§ RECORDS PROVIDED:
——————————

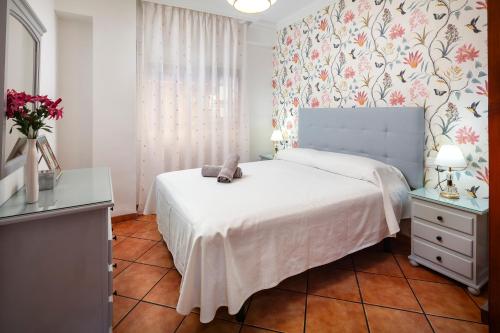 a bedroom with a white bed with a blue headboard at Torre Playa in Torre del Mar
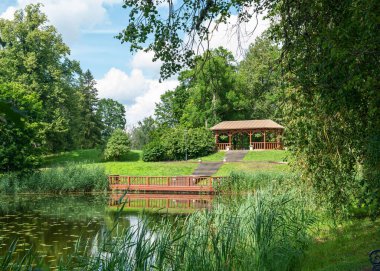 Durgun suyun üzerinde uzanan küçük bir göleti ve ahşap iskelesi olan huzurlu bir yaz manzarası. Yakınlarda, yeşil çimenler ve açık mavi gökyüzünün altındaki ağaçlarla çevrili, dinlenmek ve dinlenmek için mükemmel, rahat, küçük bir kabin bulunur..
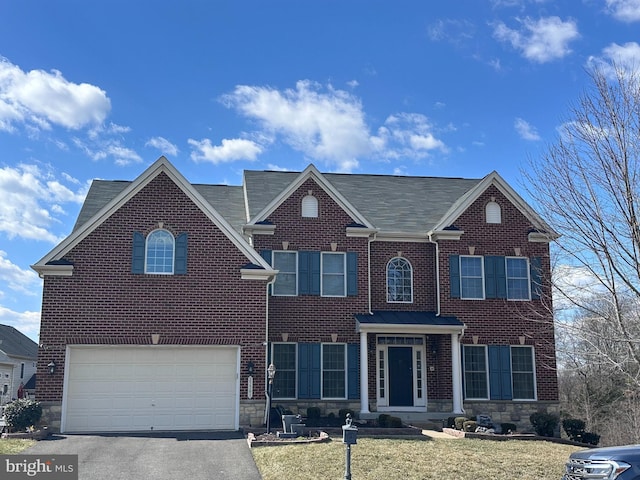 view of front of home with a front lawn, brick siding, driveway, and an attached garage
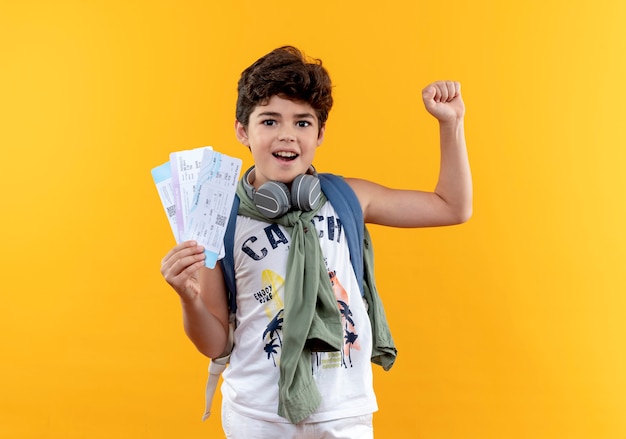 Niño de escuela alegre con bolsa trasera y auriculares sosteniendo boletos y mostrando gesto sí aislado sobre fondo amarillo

——————————

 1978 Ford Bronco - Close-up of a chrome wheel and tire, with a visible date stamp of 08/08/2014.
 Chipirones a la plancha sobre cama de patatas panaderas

——————————

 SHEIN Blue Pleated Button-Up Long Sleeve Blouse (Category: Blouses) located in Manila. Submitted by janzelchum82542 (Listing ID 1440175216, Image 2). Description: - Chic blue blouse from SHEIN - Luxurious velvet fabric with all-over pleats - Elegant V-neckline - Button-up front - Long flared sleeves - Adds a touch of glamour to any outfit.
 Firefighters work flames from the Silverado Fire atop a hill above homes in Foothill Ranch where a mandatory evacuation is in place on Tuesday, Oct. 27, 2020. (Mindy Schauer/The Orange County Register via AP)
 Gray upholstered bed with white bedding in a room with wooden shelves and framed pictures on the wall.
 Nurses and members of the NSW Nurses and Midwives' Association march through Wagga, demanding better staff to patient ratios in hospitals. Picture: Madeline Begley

——————————

§ THE TASK: When copying from the data above, print only the lines from the line containing "a bedroom with" to the line containing "Durgun suyun üzerinde", exactly, and leave the pictures out.

§ ANSWER TO THE EXERCISE:
 a bedroom with a white bed with a blue headboard at Torre Playa in Torre del Mar
 Durgun suyun üzerinde uzanan küçük bir göleti ve ahşap iskelesi olan huzurlu bir yaz manzarası. Yakınlarda, yeşil çimenler ve açık mavi gökyüzünün altındaki ağaçlarla çevrili, dinlenmek ve dinlenmek için mükemmel, rahat, küçük bir kabin bulunur..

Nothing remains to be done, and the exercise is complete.